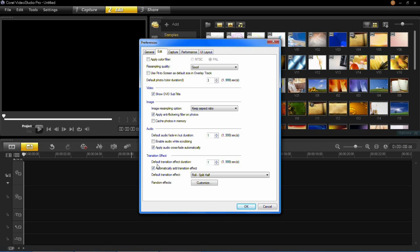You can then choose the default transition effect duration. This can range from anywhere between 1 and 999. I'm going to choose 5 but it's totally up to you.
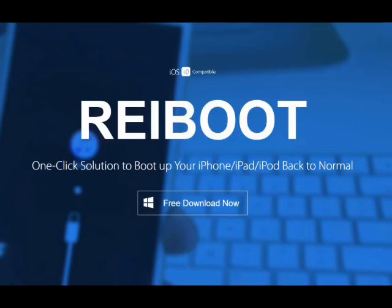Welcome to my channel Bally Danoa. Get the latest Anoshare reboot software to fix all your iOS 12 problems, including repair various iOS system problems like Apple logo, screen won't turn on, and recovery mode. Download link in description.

...

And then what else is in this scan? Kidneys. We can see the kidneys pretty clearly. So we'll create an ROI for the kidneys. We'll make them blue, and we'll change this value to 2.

Requirement - Everything above from the line with "You can then" through the line with "Welcome to my" should be retyped exactly, and nothing else; omit pictures.

Response area -
You can then choose the default transition effect duration. This can range from anywhere between 1 and 999. I'm going to choose 5 but it's totally up to you.
Welcome to my channel Bally Danoa. Get the latest Anoshare reboot software to fix all your iOS 12 problems, including repair various iOS system problems like Apple logo, screen won't turn on, and recovery mode. Download link in description.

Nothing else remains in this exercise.